Your task: Set down the final stretch of the data, from the line that holds "Chemical Fiber Washed" through the last line, both included, with pictures left out.

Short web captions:

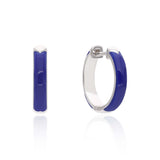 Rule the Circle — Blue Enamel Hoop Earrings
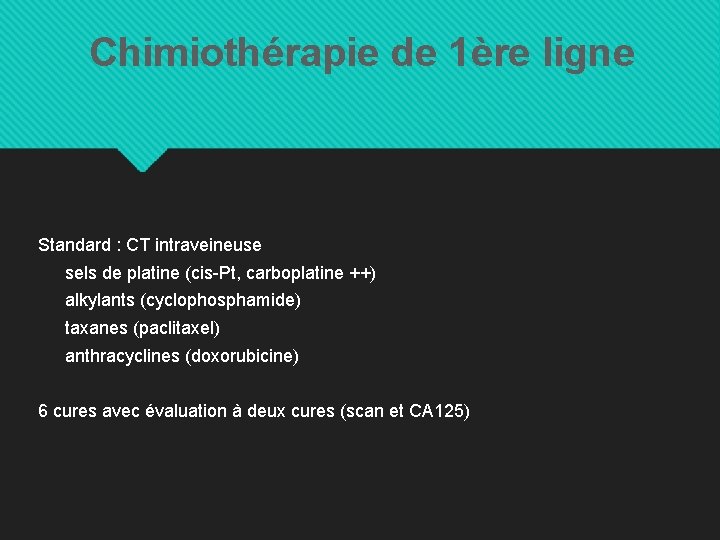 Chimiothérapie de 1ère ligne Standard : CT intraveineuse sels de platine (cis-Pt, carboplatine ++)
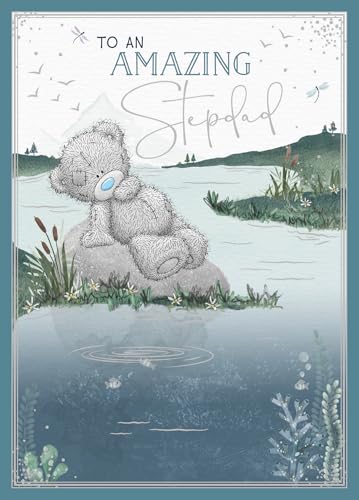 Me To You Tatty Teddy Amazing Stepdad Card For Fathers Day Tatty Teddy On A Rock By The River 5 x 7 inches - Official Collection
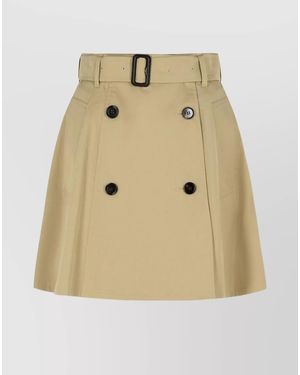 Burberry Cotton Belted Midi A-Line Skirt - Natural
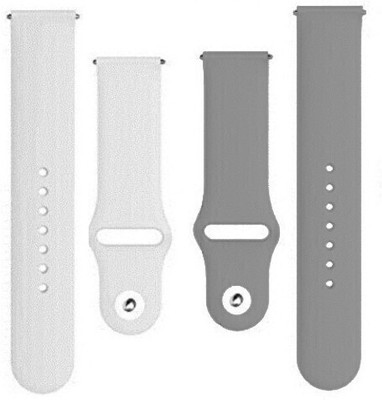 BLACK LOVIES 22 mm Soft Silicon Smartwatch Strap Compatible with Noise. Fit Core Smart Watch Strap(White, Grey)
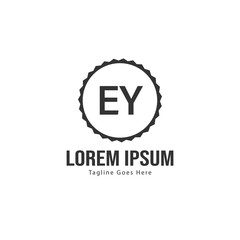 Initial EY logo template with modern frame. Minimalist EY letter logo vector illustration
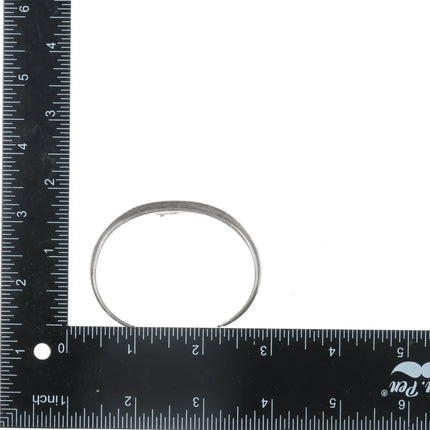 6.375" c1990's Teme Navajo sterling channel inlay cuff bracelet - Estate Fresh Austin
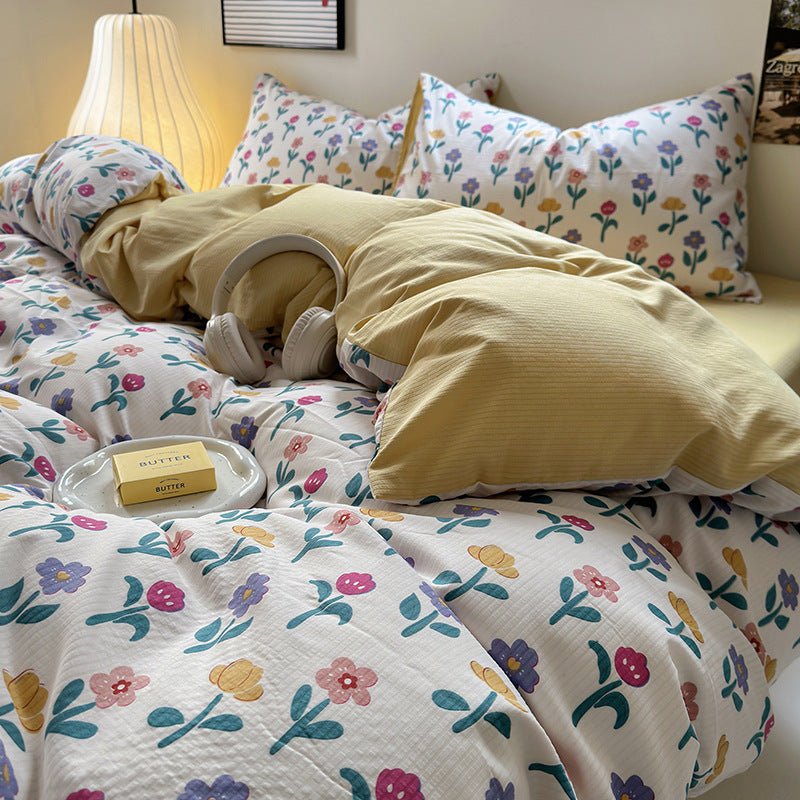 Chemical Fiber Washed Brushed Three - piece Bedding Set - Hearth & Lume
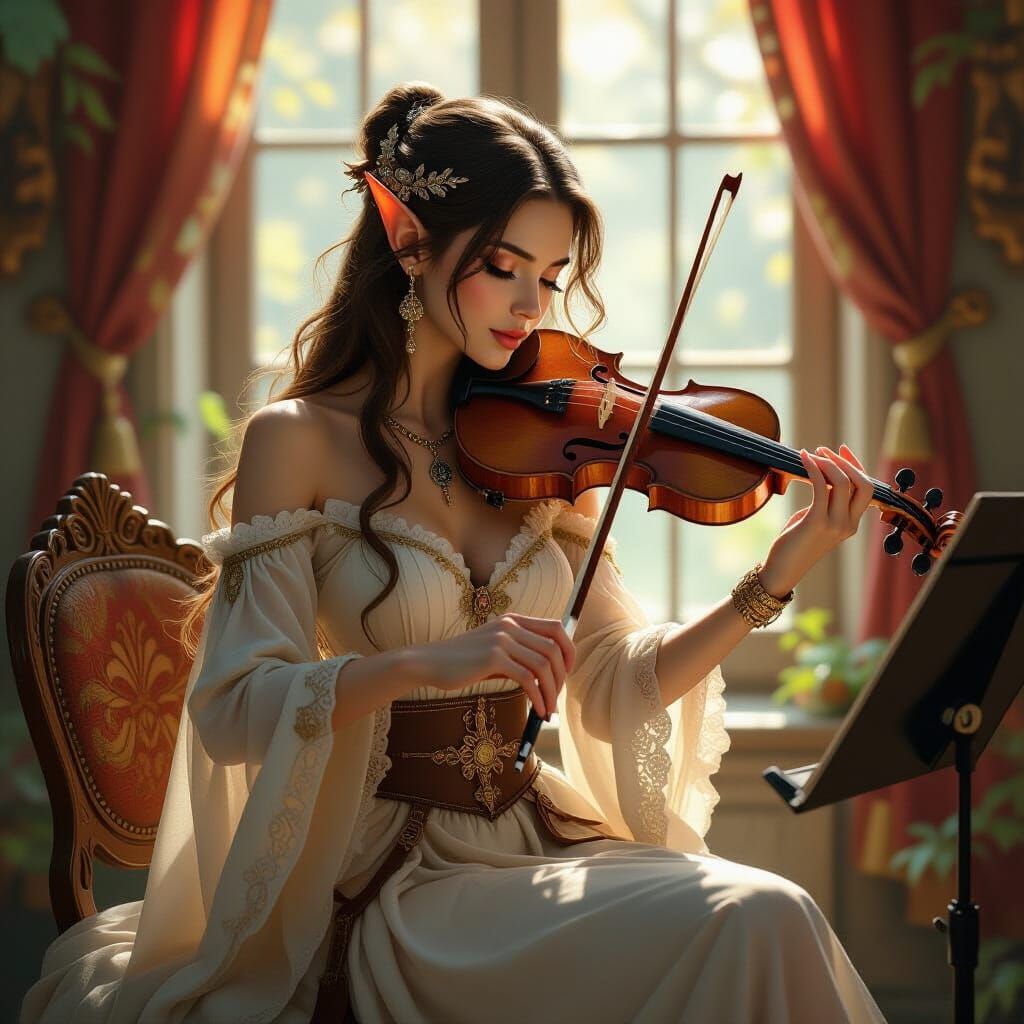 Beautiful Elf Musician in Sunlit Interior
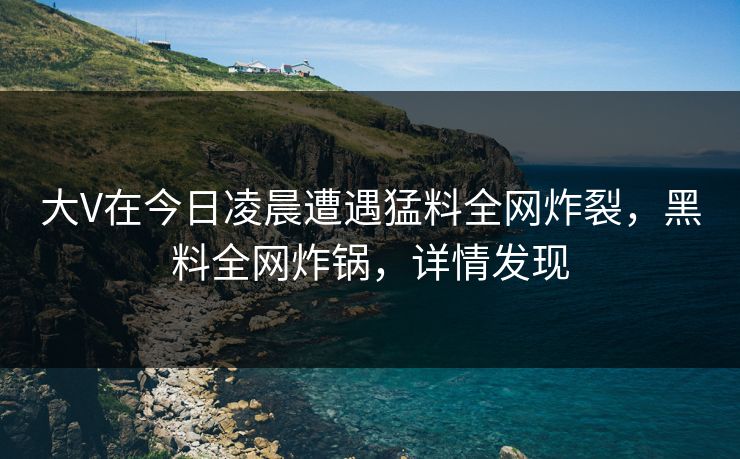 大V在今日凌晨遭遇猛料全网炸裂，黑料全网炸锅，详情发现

Result:
 Chemical Fiber Washed Brushed Three - piece Bedding Set - Hearth & Lume
 Beautiful Elf Musician in Sunlit Interior
 大V在今日凌晨遭遇猛料全网炸裂，黑料全网炸锅，详情发现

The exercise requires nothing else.